> _ASSIGNED TASK_:
Please set down the records exactly, keeping every line.

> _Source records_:

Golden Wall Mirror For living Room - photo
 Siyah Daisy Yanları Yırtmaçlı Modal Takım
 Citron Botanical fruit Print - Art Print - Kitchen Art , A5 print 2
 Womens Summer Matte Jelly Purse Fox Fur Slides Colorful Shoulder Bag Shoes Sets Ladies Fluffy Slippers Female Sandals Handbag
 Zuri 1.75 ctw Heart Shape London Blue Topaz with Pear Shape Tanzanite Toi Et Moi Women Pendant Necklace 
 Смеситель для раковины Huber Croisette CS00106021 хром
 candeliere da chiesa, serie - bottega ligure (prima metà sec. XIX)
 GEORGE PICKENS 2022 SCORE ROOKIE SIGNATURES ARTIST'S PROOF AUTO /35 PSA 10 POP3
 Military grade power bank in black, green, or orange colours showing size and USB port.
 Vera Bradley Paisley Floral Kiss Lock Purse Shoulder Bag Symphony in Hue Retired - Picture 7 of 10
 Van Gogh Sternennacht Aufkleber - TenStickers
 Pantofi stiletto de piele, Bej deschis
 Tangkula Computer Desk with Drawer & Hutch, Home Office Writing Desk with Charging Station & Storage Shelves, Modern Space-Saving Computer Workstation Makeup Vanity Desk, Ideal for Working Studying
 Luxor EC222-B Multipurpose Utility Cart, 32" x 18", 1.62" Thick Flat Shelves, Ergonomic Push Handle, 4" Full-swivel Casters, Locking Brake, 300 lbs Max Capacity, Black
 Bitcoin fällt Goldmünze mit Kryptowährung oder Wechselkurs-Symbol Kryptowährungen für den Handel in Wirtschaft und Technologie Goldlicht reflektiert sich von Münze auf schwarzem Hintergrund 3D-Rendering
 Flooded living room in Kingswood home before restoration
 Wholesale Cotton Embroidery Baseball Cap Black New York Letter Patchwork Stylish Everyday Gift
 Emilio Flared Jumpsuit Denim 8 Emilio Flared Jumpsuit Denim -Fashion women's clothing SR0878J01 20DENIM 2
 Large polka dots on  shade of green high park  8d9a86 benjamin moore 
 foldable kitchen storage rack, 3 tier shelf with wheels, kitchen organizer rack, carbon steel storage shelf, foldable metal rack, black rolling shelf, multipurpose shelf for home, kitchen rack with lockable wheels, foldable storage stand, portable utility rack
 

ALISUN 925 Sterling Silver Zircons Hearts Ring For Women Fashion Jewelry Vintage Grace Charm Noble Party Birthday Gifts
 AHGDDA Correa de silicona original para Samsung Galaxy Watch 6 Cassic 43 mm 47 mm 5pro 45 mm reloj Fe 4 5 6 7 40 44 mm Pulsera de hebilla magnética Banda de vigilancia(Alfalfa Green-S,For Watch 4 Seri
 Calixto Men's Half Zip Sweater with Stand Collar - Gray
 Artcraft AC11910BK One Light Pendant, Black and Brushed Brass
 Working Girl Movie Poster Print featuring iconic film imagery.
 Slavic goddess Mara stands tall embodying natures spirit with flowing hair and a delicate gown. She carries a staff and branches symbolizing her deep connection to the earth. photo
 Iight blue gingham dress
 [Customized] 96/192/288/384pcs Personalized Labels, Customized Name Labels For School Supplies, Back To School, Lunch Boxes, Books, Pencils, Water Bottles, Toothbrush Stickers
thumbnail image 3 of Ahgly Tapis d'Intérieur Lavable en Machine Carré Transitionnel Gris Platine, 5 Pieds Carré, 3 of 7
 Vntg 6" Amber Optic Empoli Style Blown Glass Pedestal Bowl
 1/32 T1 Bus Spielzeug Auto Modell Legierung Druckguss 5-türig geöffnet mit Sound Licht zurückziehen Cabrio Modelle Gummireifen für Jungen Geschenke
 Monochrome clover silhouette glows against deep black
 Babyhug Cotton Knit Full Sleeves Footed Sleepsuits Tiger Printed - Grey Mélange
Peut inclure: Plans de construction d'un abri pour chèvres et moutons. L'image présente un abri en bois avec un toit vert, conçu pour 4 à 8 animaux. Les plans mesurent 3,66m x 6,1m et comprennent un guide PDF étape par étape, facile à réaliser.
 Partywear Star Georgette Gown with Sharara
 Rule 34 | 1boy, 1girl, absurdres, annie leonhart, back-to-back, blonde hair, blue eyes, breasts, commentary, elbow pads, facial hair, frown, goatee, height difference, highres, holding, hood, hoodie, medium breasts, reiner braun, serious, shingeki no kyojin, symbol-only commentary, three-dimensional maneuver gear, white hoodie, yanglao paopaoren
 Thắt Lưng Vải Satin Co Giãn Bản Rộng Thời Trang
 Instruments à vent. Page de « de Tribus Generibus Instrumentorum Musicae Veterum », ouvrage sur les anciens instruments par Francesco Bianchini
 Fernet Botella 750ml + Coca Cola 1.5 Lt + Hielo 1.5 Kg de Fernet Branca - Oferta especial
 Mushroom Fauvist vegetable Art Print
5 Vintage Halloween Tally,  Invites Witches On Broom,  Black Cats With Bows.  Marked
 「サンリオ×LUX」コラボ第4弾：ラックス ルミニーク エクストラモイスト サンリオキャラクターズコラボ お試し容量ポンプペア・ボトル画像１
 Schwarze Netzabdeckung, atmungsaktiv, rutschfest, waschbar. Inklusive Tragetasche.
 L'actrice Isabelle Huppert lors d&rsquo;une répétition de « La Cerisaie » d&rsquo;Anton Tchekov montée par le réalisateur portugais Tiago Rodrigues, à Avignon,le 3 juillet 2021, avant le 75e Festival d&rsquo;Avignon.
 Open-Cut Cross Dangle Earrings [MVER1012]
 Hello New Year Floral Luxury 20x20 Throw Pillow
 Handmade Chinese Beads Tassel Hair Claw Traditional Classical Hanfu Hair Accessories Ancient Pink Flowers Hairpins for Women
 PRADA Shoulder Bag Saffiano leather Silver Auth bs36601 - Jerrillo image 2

> _PROBLEM SOLUTION_:
Golden Wall Mirror For living Room - photo
 Siyah Daisy Yanları Yırtmaçlı Modal Takım
 Citron Botanical fruit Print - Art Print - Kitchen Art , A5 print 2
 Womens Summer Matte Jelly Purse Fox Fur Slides Colorful Shoulder Bag Shoes Sets Ladies Fluffy Slippers Female Sandals Handbag
 Zuri 1.75 ctw Heart Shape London Blue Topaz with Pear Shape Tanzanite Toi Et Moi Women Pendant Necklace 
 Смеситель для раковины Huber Croisette CS00106021 хром
 candeliere da chiesa, serie - bottega ligure (prima metà sec. XIX)
 GEORGE PICKENS 2022 SCORE ROOKIE SIGNATURES ARTIST'S PROOF AUTO /35 PSA 10 POP3
 Military grade power bank in black, green, or orange colours showing size and USB port.
 Vera Bradley Paisley Floral Kiss Lock Purse Shoulder Bag Symphony in Hue Retired - Picture 7 of 10
 Van Gogh Sternennacht Aufkleber - TenStickers
 Pantofi stiletto de piele, Bej deschis
 Tangkula Computer Desk with Drawer & Hutch, Home Office Writing Desk with Charging Station & Storage Shelves, Modern Space-Saving Computer Workstation Makeup Vanity Desk, Ideal for Working Studying
 Luxor EC222-B Multipurpose Utility Cart, 32" x 18", 1.62" Thick Flat Shelves, Ergonomic Push Handle, 4" Full-swivel Casters, Locking Brake, 300 lbs Max Capacity, Black
 Bitcoin fällt Goldmünze mit Kryptowährung oder Wechselkurs-Symbol Kryptowährungen für den Handel in Wirtschaft und Technologie Goldlicht reflektiert sich von Münze auf schwarzem Hintergrund 3D-Rendering
 Flooded living room in Kingswood home before restoration
 Wholesale Cotton Embroidery Baseball Cap Black New York Letter Patchwork Stylish Everyday Gift
 Emilio Flared Jumpsuit Denim 8 Emilio Flared Jumpsuit Denim -Fashion women's clothing SR0878J01 20DENIM 2
 Large polka dots on  shade of green high park  8d9a86 benjamin moore 
 foldable kitchen storage rack, 3 tier shelf with wheels, kitchen organizer rack, carbon steel storage shelf, foldable metal rack, black rolling shelf, multipurpose shelf for home, kitchen rack with lockable wheels, foldable storage stand, portable utility rack
 

ALISUN 925 Sterling Silver Zircons Hearts Ring For Women Fashion Jewelry Vintage Grace Charm Noble Party Birthday Gifts
 AHGDDA Correa de silicona original para Samsung Galaxy Watch 6 Cassic 43 mm 47 mm 5pro 45 mm reloj Fe 4 5 6 7 40 44 mm Pulsera de hebilla magnética Banda de vigilancia(Alfalfa Green-S,For Watch 4 Seri
 Calixto Men's Half Zip Sweater with Stand Collar - Gray
 Artcraft AC11910BK One Light Pendant, Black and Brushed Brass
 Working Girl Movie Poster Print featuring iconic film imagery.
 Slavic goddess Mara stands tall embodying natures spirit with flowing hair and a delicate gown. She carries a staff and branches symbolizing her deep connection to the earth. photo
 Iight blue gingham dress
 [Customized] 96/192/288/384pcs Personalized Labels, Customized Name Labels For School Supplies, Back To School, Lunch Boxes, Books, Pencils, Water Bottles, Toothbrush Stickers
thumbnail image 3 of Ahgly Tapis d'Intérieur Lavable en Machine Carré Transitionnel Gris Platine, 5 Pieds Carré, 3 of 7
 Vntg 6" Amber Optic Empoli Style Blown Glass Pedestal Bowl
 1/32 T1 Bus Spielzeug Auto Modell Legierung Druckguss 5-türig geöffnet mit Sound Licht zurückziehen Cabrio Modelle Gummireifen für Jungen Geschenke
 Monochrome clover silhouette glows against deep black
 Babyhug Cotton Knit Full Sleeves Footed Sleepsuits Tiger Printed - Grey Mélange
Peut inclure: Plans de construction d'un abri pour chèvres et moutons. L'image présente un abri en bois avec un toit vert, conçu pour 4 à 8 animaux. Les plans mesurent 3,66m x 6,1m et comprennent un guide PDF étape par étape, facile à réaliser.
 Partywear Star Georgette Gown with Sharara
 Rule 34 | 1boy, 1girl, absurdres, annie leonhart, back-to-back, blonde hair, blue eyes, breasts, commentary, elbow pads, facial hair, frown, goatee, height difference, highres, holding, hood, hoodie, medium breasts, reiner braun, serious, shingeki no kyojin, symbol-only commentary, three-dimensional maneuver gear, white hoodie, yanglao paopaoren
 Thắt Lưng Vải Satin Co Giãn Bản Rộng Thời Trang
 Instruments à vent. Page de « de Tribus Generibus Instrumentorum Musicae Veterum », ouvrage sur les anciens instruments par Francesco Bianchini
 Fernet Botella 750ml + Coca Cola 1.5 Lt + Hielo 1.5 Kg de Fernet Branca - Oferta especial
 Mushroom Fauvist vegetable Art Print
5 Vintage Halloween Tally,  Invites Witches On Broom,  Black Cats With Bows.  Marked
 「サンリオ×LUX」コラボ第4弾：ラックス ルミニーク エクストラモイスト サンリオキャラクターズコラボ お試し容量ポンプペア・ボトル画像１
 Schwarze Netzabdeckung, atmungsaktiv, rutschfest, waschbar. Inklusive Tragetasche.
 L'actrice Isabelle Huppert lors d&rsquo;une répétition de « La Cerisaie » d&rsquo;Anton Tchekov montée par le réalisateur portugais Tiago Rodrigues, à Avignon,le 3 juillet 2021, avant le 75e Festival d&rsquo;Avignon.
 Open-Cut Cross Dangle Earrings [MVER1012]
 Hello New Year Floral Luxury 20x20 Throw Pillow
 Handmade Chinese Beads Tassel Hair Claw Traditional Classical Hanfu Hair Accessories Ancient Pink Flowers Hairpins for Women
 PRADA Shoulder Bag Saffiano leather Silver Auth bs36601 - Jerrillo image 2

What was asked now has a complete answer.